→ **TASK ITEM**: Look for the word "Floral" in the entries below, then copy every line that has it.

→ **RECORDS FOR THIS EXERCISE**:
========

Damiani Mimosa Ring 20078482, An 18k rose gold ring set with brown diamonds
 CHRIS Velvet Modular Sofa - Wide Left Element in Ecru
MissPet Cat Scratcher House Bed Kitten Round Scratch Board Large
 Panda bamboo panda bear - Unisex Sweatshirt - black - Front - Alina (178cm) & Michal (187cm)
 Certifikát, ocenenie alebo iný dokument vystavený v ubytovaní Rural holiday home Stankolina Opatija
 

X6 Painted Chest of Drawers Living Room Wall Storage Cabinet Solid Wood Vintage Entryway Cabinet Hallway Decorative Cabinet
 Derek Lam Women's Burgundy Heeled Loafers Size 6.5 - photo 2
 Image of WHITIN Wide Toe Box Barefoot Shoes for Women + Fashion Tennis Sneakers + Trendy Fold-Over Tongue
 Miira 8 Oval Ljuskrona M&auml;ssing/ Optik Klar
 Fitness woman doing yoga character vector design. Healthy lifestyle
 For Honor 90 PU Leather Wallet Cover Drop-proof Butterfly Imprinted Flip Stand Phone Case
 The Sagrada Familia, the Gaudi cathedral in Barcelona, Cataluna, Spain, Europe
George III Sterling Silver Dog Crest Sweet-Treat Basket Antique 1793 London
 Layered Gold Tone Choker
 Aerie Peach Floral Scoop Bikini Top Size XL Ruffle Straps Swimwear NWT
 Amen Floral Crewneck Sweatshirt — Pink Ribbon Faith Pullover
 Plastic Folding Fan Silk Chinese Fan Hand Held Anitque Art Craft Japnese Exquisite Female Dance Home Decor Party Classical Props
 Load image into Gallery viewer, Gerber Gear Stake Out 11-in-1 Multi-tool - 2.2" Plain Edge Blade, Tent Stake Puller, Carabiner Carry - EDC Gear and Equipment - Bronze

========

→ **TASK ANSWER**:
 Aerie Peach Floral Scoop Bikini Top Size XL Ruffle Straps Swimwear NWT
 Amen Floral Crewneck Sweatshirt — Pink Ribbon Faith Pullover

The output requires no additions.